Auch Ärztepräsident Klaus Reinhardt forderte Bund und Länder auf, das Ende einschränkender Corona-Maßnahmen wie der 2G-Regel im Handel oder der 2Gplus-Regel in der Gastronomie bereits kommende Woche vorzubereiten. „Wegen der wesentlich leichteren Krankheitsverläufe der aktuellen Omikron-Variante ist es sicher angemessen, mögliche Rücknahmen einschränkender Corona-Maßnahmen vorzubereiten“, sagte Reinhardt.
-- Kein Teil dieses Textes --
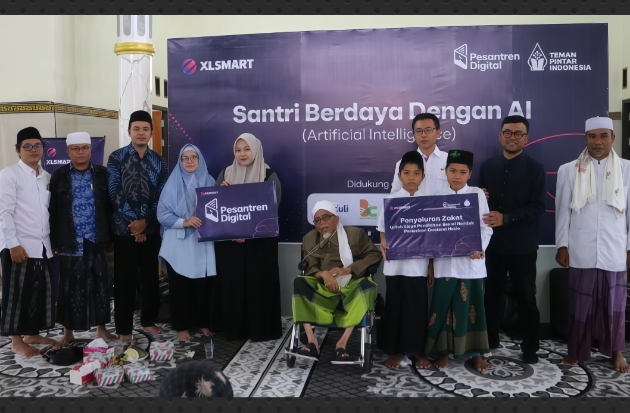 AI Masuk Pesantren, XLSMART Latih 600 Santri di Lombok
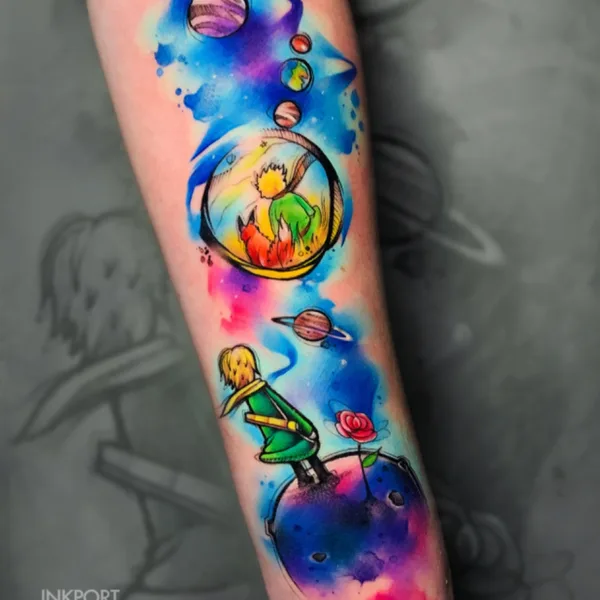 Abstract tattoo by John D’Addario INKPORT PEOPLE in Miami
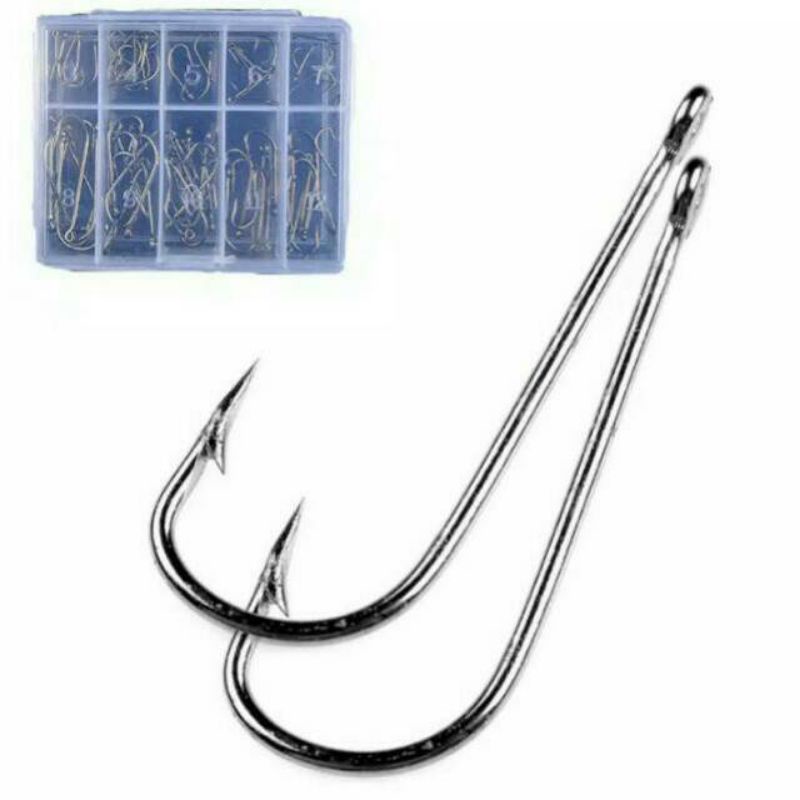 kail pancing leher panjang/box isi 70pcs Tipe kecil NO 3-12 Super tajam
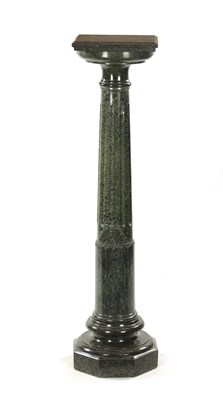 Lot 1019 - AN ANTICO VERDE MARBLE REEDED COLUMN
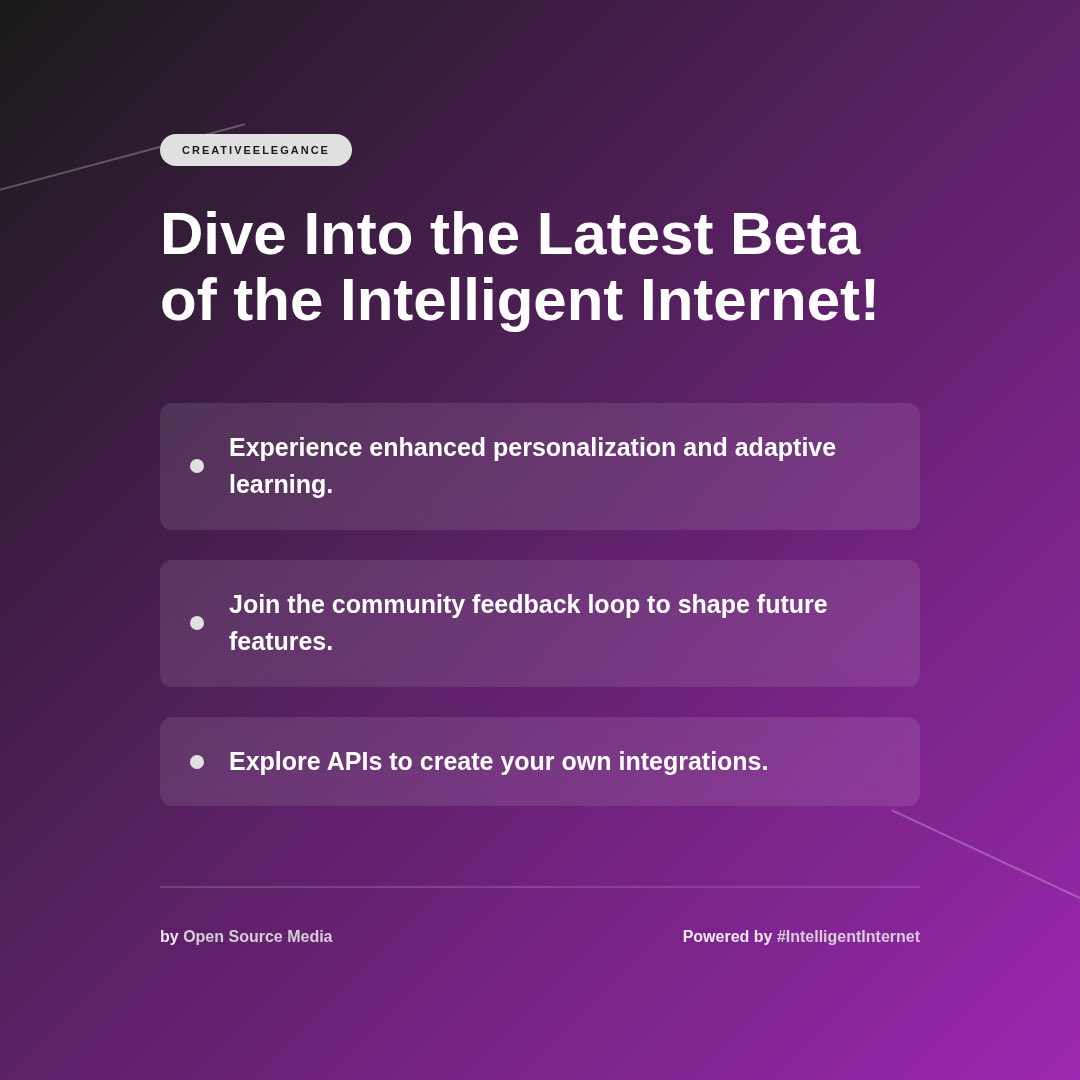 CjTruheart's tweet photo. Here's my 20-second intelligence briefing on I want to learn about the intelligent internet's latest beta release. Generated by Open Source Media. @ii_posts #IntelligentInternet #OpenSourceMedia …https://t.co/cugutfQnys https://t.co/yB6iZDzkdT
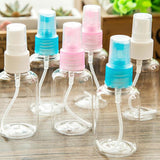 50ml Mini Travel Use Transparent Plastic Perfume Atomizer Small Soap Storage Skin Care Empty Spray Refillable Bottle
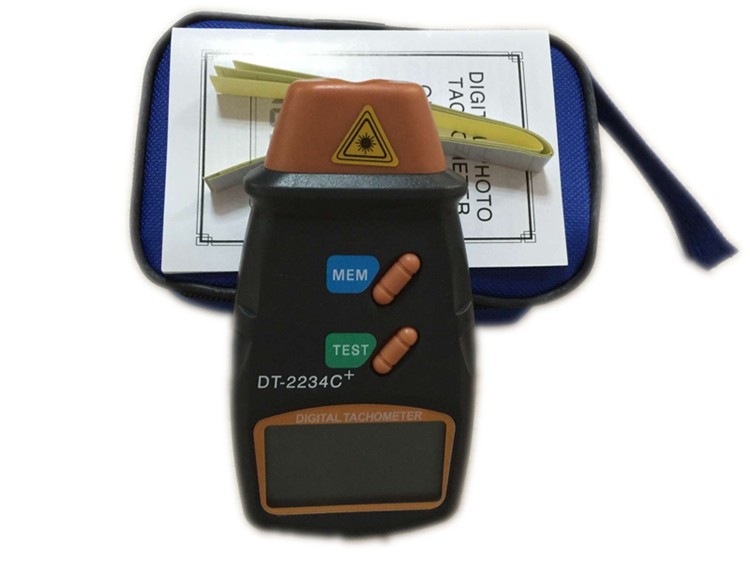 DT-2234C Berührungsloser Digital LCD Tachometer Laser RPM Drehzahlmesser 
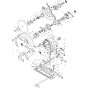 Main Assembly for Makita SR2100 Circular Saw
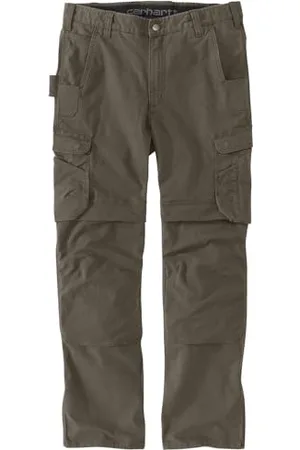 Carhartt Steel Rugged Flex Relaxed Fit Ripstop Double-Front Cargo Work Pant Pantaloni Utility, , 40W x 30L Uomo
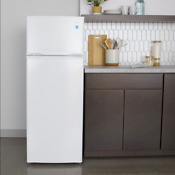 Top Freezer Refrigerator Fridge Apartment Home Garage Appliance 7 3 Cu Ft White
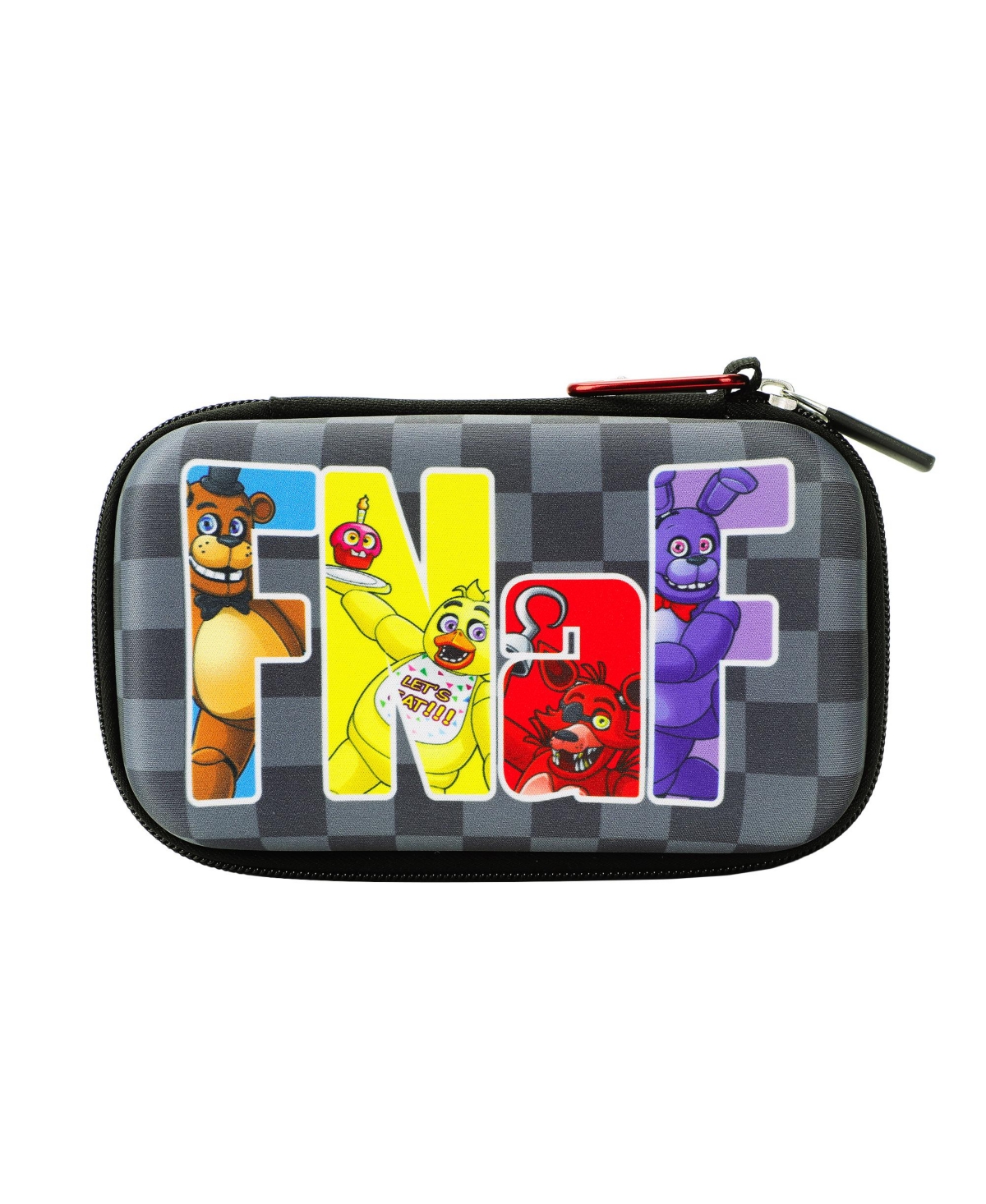 Fnaf Trap Graphics Gray Checkered Utility Case - Five nights fnaf trap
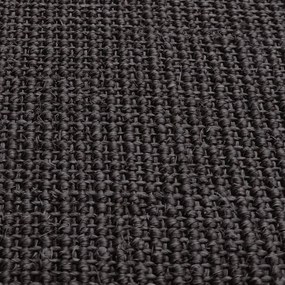 Tapete sisal natural 66x350 cm preto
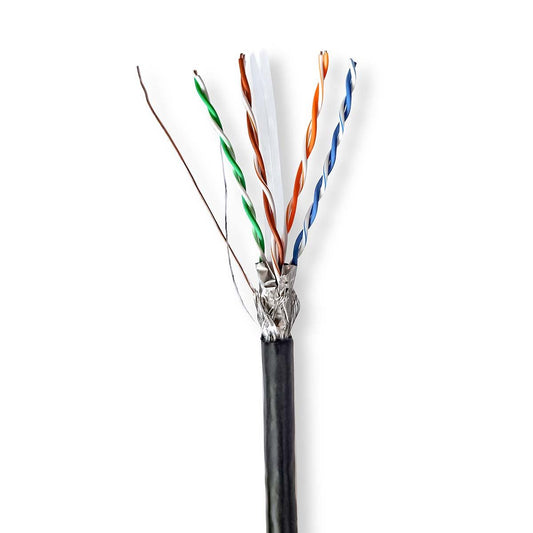 Nedis Network Cable Roll CAT6 Solid S/FTP CCA 305m Outdoor Round PE Gift Box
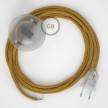 Wiring Pedestal, RL05 Sparkly Gold Rayon 3 m. Choose the colour of the switch and plug.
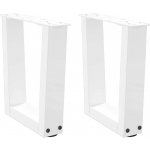 Omaxi 957666 Nohy konferenčního stolku ve tvaru V 2 ks bílé 30 x 30-31,3 cm ocel – Sleviste.cz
Insbesondere Wirtschaftsverbände greifen das auf und pochen auf schnellere Lockerungen. Der Deutsche Industrie- und Handelskammertag (DIHK) forderte einheitliche Signale in der kommenden Woche. „Jetzt ist es wichtig, dass die Regierungschefs von Bund und Ländern klare Signale für eine einheitliche Öffnungsstrategie senden“, sagte DIHK-Präsident Peter Adrian. „Jede Idee ist willkommen, damit die betroffenen Betriebe in einen besseren Frühling starten und danach einen ,Super-Sommer´ erleben. Verkaufsoffene Sonntage oder mehr Außenflächen für die Gastronomie ab Frühjahr gehören dazu“, sagte Adrian.